» Problem statement: Nothing but the lines from the one containing "Pakistani women's lawn" to the final line of the entries should appear, copied exactly and without pictures.
(Supplied material Opens)
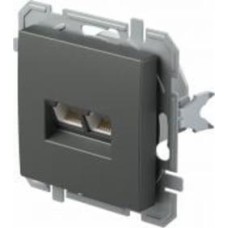 Розетка компьютерная двойная TEM Logiq PC RJ45 Cat 5e антрацит KQ39ATXO-U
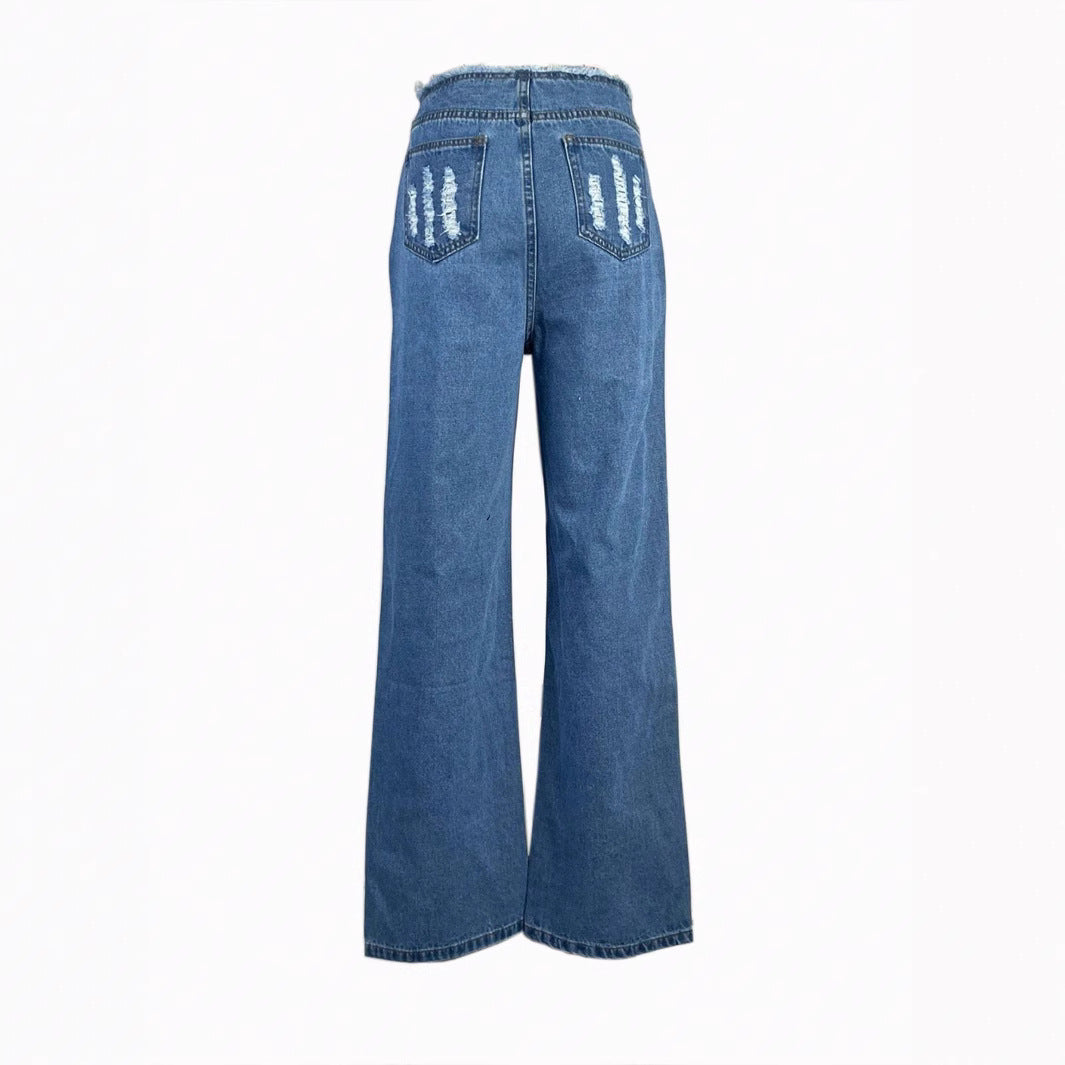 Damen hochgeschnittene weite Jeanshose aus Denim mit stark zerstörter Front und rohem Bund Shop Nory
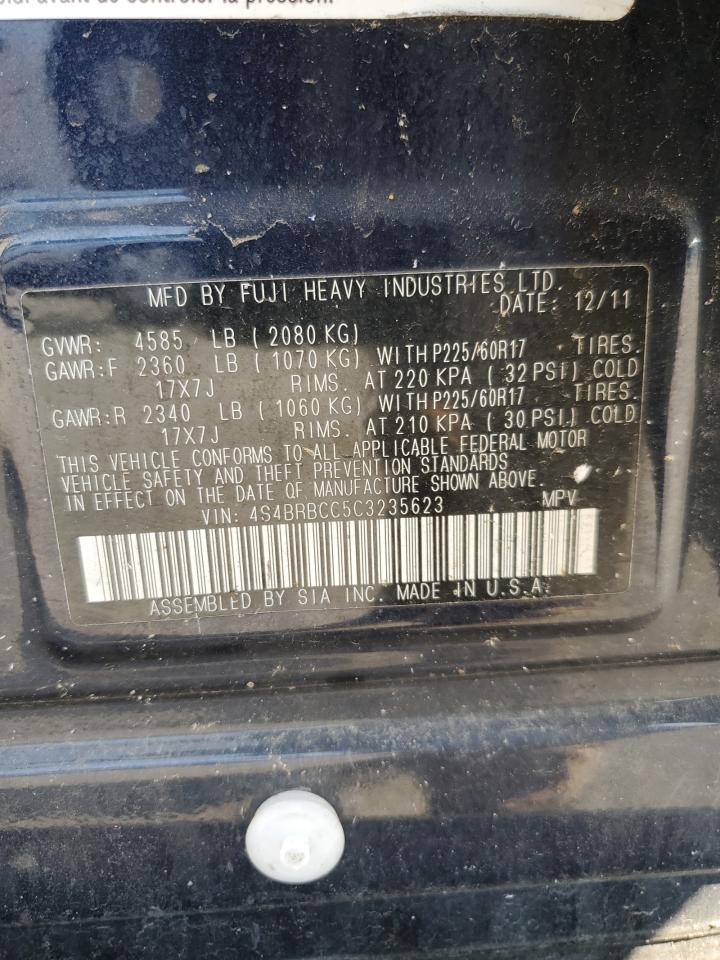 2012 Subaru Outback 2.5I Premium VIN: 4S4BRBCC5C3235623 Lot: 66258715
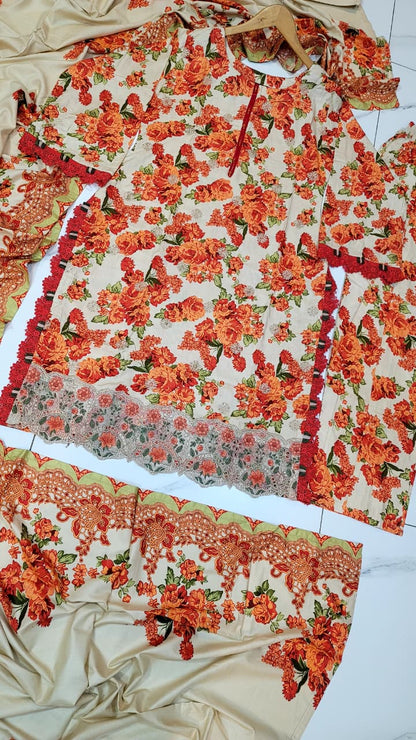 Pakistani women's lawn A-Line printed casual outfit back view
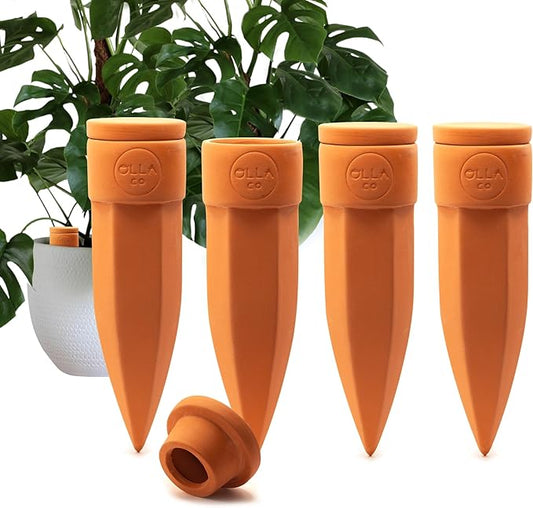 Terracotta Plant Watering Spikes - Large- Set of 4 with Lids Ideal for 8"-12" Pots Perfect Vacation Plant Watering System & Everyday Use for Busy Plant Lovers to Water Plants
(Supplied material Closes)
» Answer area:
 Pakistani women's lawn A-Line printed casual outfit back view
 Terracotta Plant Watering Spikes - Large- Set of 4 with Lids Ideal for 8"-12" Pots Perfect Vacation Plant Watering System & Everyday Use for Busy Plant Lovers to Water Plants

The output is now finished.